Конечно, она обсуждала все это в гостиных и салонах своих соотечественников (их было в Париже еще немало) и тех французов, которые не боялись приглашать англичан (так как официальная Англия была против революции). Там собирались в основном жирондисты и все те, кто придерживался умеренных взглядов. В частности, Мэри часто бывала в доме Томаса Кристи, друга своего издателя Джонсона и совладельца Аналитического обозрения (куда она и писала о событиях во Франции). Писатель и публицист англичанин Томас Пейн он тоже был тогда в Париже, горячо приветствовал новую конституцию и даже умудрился стать членом Национального конвента познакомил Мэри с удивительной женщиной Анной Теруань де Мэрикур. О чем они долго беседовали, теперь уже никто не знает. Но здесь стоит сделать небольшое отступление и поведать не о героях (о них написано очень много), а о героинях той легендарной эпохи, которые вместе с Мэри Уолстонкрафт с полным основанием могут считаться первы[4]ми европейскими феминистками и которые дорого заплатили за то, что хотели иметь равные права с мужчинами.

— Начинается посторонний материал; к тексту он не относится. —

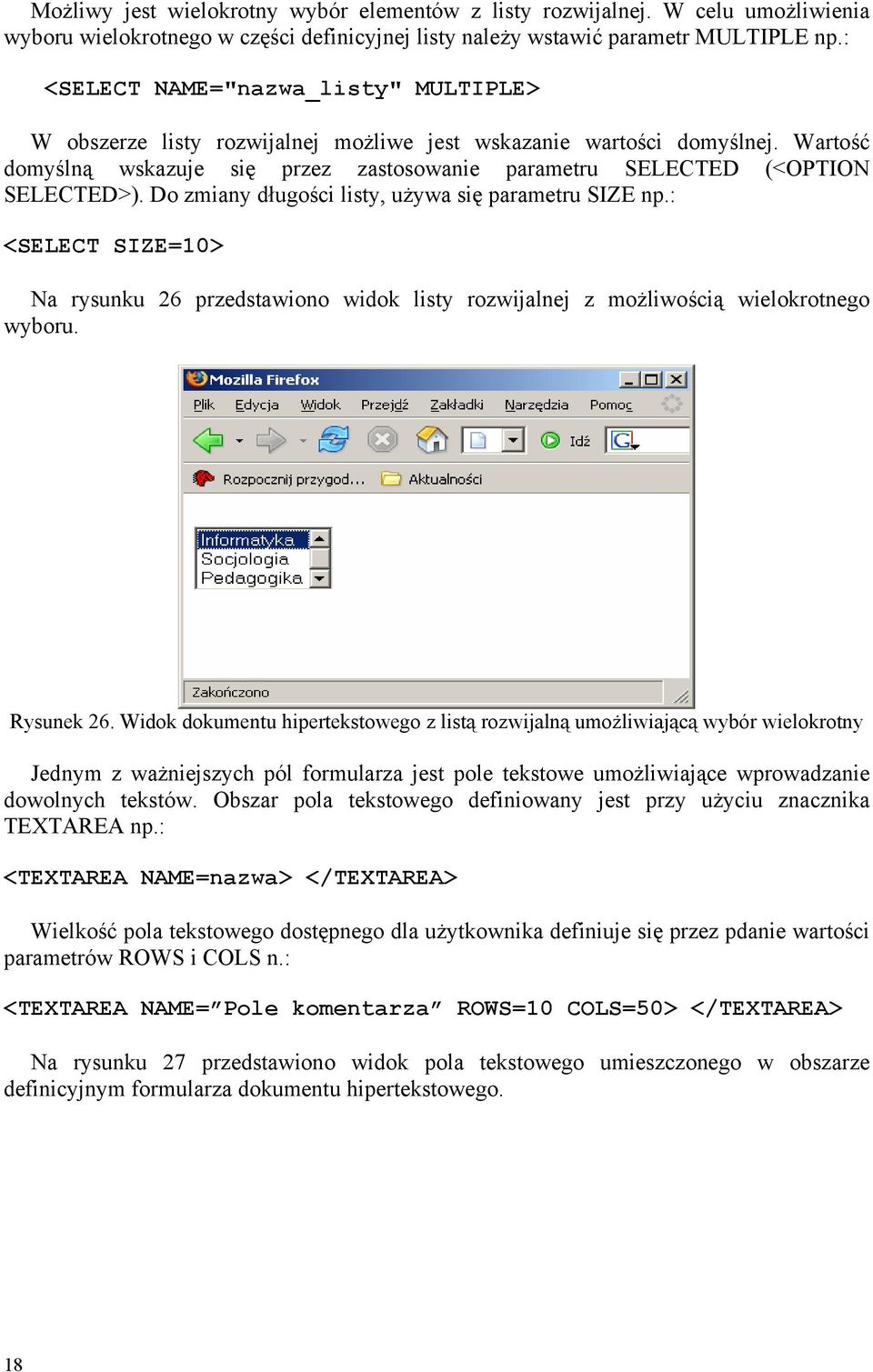 Do zmiany długości listy, używa się parametru SIZE np.: <SELECT SIZE=10> Na rysunku 26 przedstawiono widok listy rozwijalnej z możliwością wielokrotnego wyboru. Rysunek 26.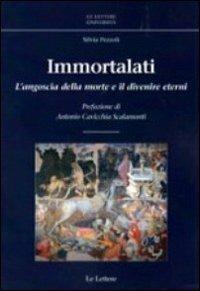 Immortalati. L'angoscia della morte e il divenire eterni - Silvia Pezzoli - copertina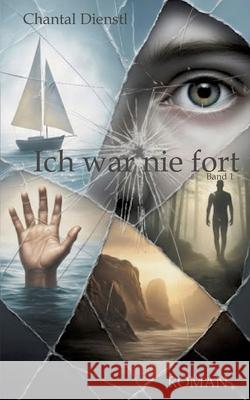 Ich war nie fort Chantal Dienstl 9783384748867 Tredition Gmbh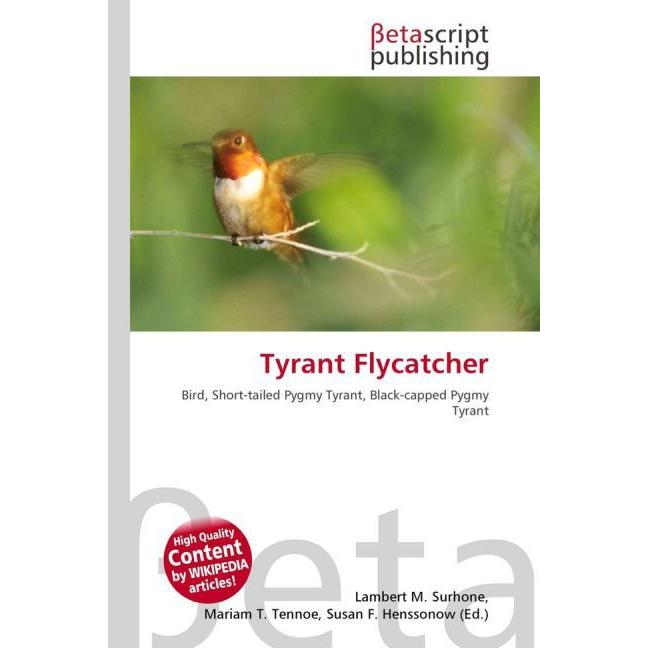 Tyrant Flycatcher, Fachbücher von Susan F. Marseken, Lambert M. Surhone, Miriam T. Timpledon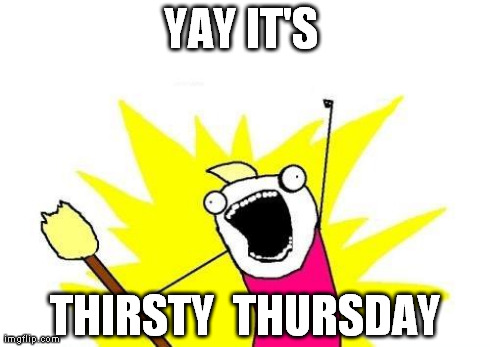 X All The Y Meme | YAY IT'S  THIRSTY  THURSDAY | image tagged in memes,x all the y | made w/ Imgflip meme maker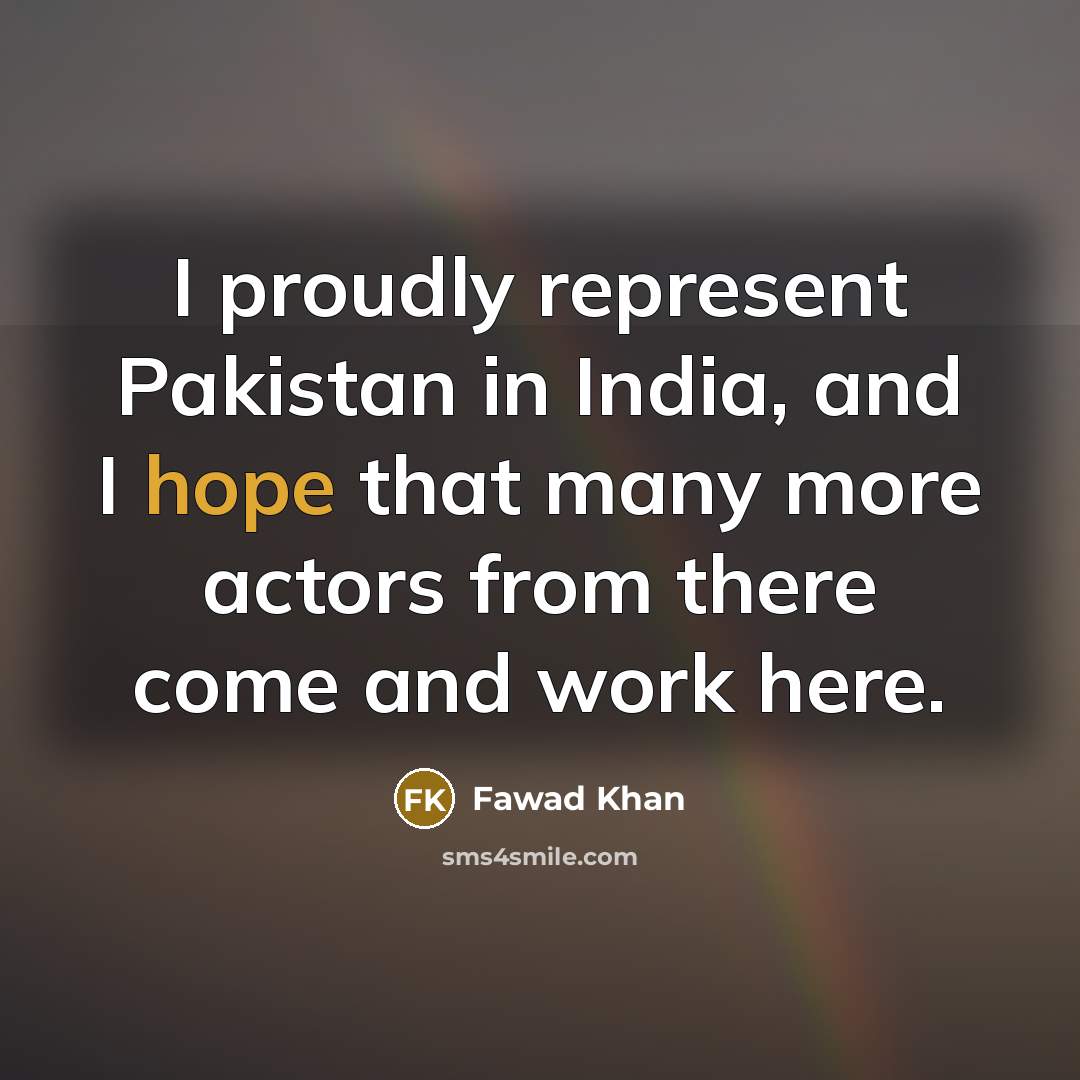 “I proudly represent Pakistan in India, and I hope that…” quote by Fawad Khan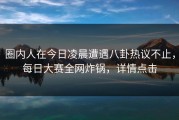 圈内人在今日凌晨遭遇八卦热议不止，每日大赛全网炸锅，详情点击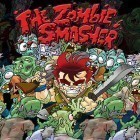 Con gioco Dog Pile per Android scarica gratuito The zombie smasher sul telefono o tablet.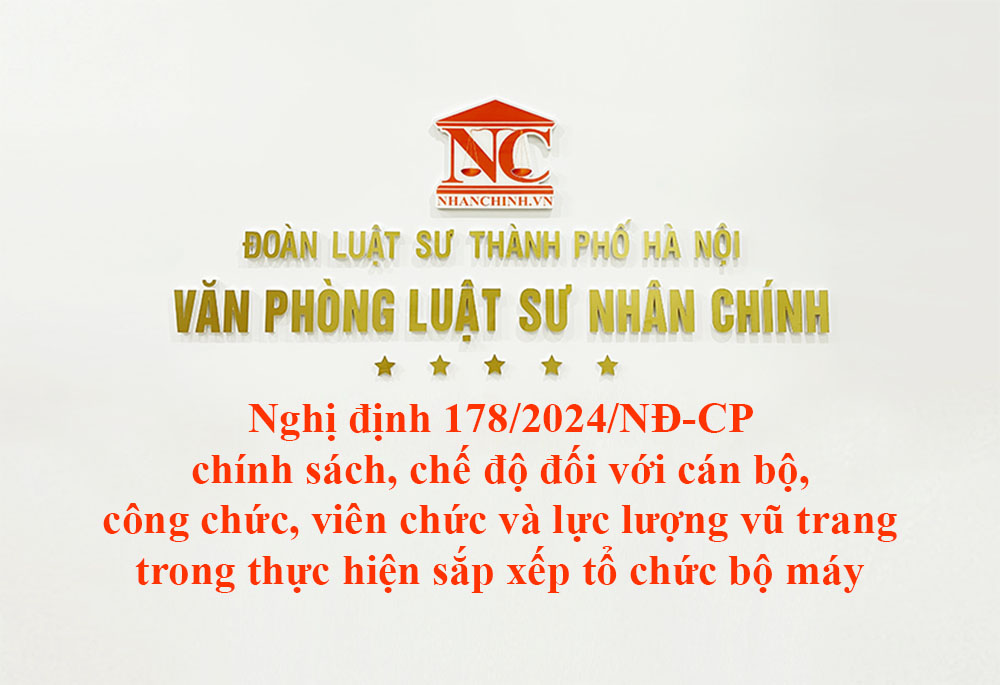 Nghị định 178-2024-NĐ-CP chính sách, chế độ đối với cán bộ, công chức, viên chức, người lao động và lực lượng vũ trang trong thực hiện sắp xếp tổ chức bộ máy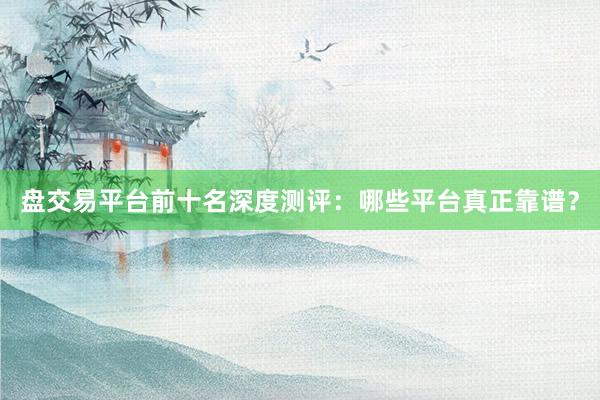 盘交易平台前十名深度测评：哪些平台真正靠谱？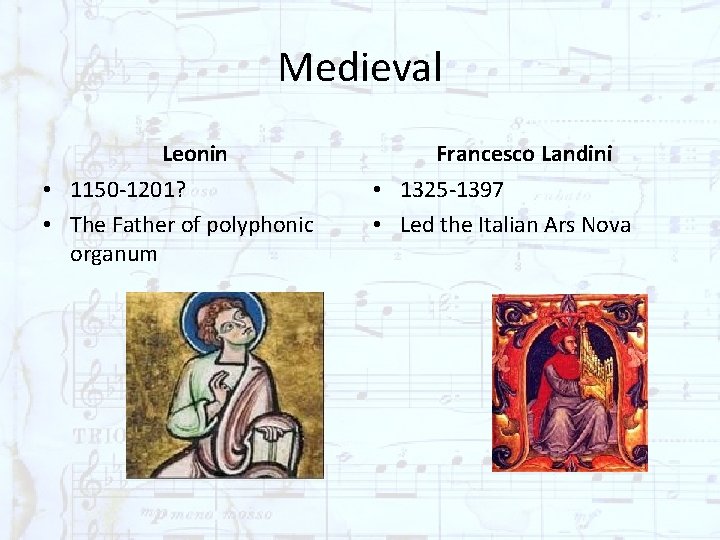 Medieval Leonin • 1150 -1201? • The Father of polyphonic organum Francesco Landini •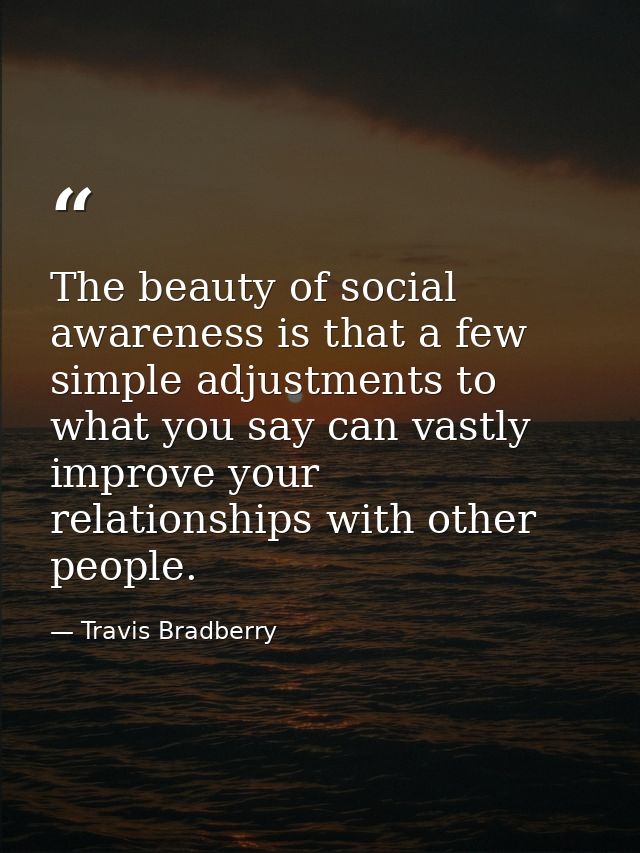 The beauty of social awareness is that a few simple adjustments to what you say can vastly improve your relationships wi — Travis Bradberry
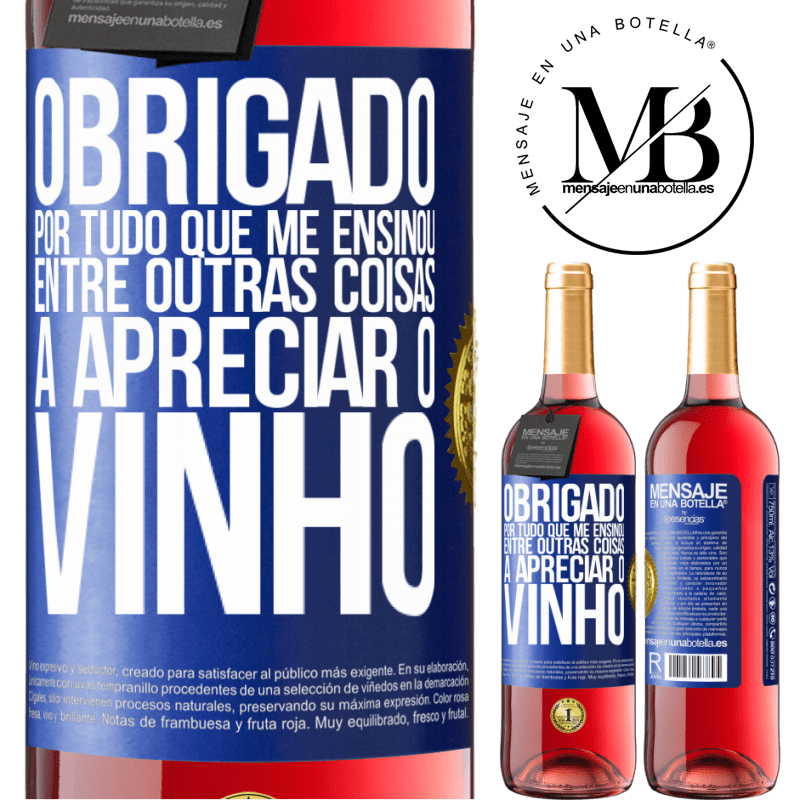 29,95 € Envio grátis | Vinho rosé Edição ROSÉ Obrigado por tudo que me ensinou, entre outras coisas, a apreciar o vinho Etiqueta Azul. Etiqueta personalizável Vinho jovem Colheita 2023 Tempranillo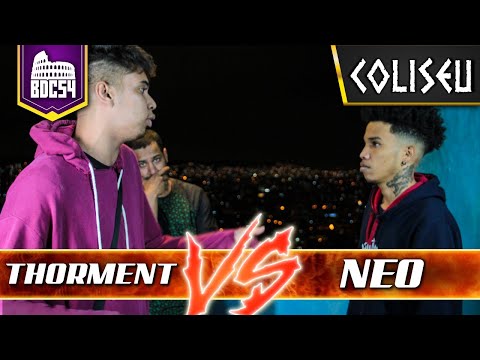 (ALTO NIVEL) NEO X THORMENT - GRANDE FINAL - BATALHA DO COLISEU - EDIÇÃO 54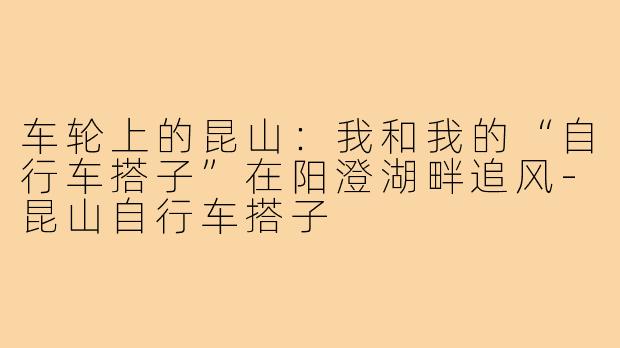 车轮上的昆山:我和我的“自行车搭子”在阳澄湖畔追风-昆山自行车搭子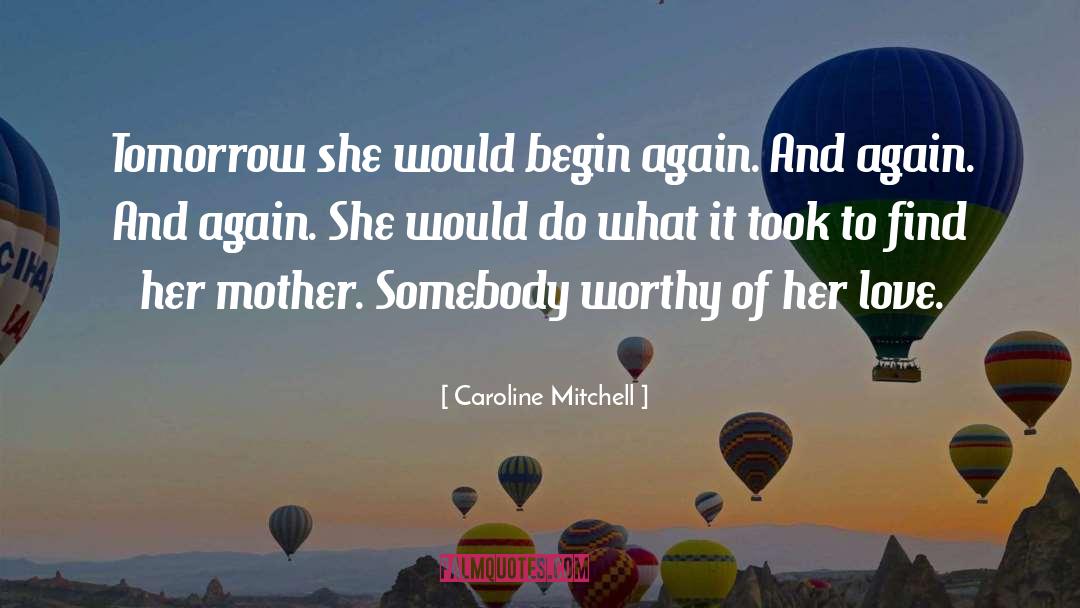Begin Again quotes by Caroline Mitchell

Поначалу многое происходящее в революционной Франции не могло не восхищать Мэри: здесь разрешили разводы, дали возможность дочерям наследовать имущество. Один из ее новых друзей влиятельный депутат Конвента маркиз де Кондорсе требовал для женщин одинаковых прав с мужчинами во всех сферах жизни. Неудивительно, что оперная певица Теруань де Мерикур горячо приветствовала Декларацию прав человека и гражданина, переехала в Версаль, чтобы присутствовать на всех заседаниях Конвента, и основала Клуб друзей закона. Она демонстративно носила мужскую одежду: костюм для верховой езды и круглую шляпу.
Мужской костюм часто надевала и Олимпия де Гуж автор (авторка, как сказали бы сегодня) знаменитой Декларации прав женщины и гражданки, которая была написана почти одновременно с работой Мэри Уолстонкрафт о правах женщин и, увы, отклонена Конвентом. Подозреваю, что знаменитая Олимпия вообще была первым квиром в истории женского движения за свободу ее называли латинским словом virago, что означает мужланка, а в тюрьме она была подвергнута унизительной процедуре исследования гениталий на предмет установления ее настоящего пола. Во всяком случае далеко не каждый мужчина в то время, попав в лапы якобинцев, держался с таким мужеством и мог сказать перед гильотиной: Мои убеждения неизменны, и дети Отечества отомстят за мою смерть.[5]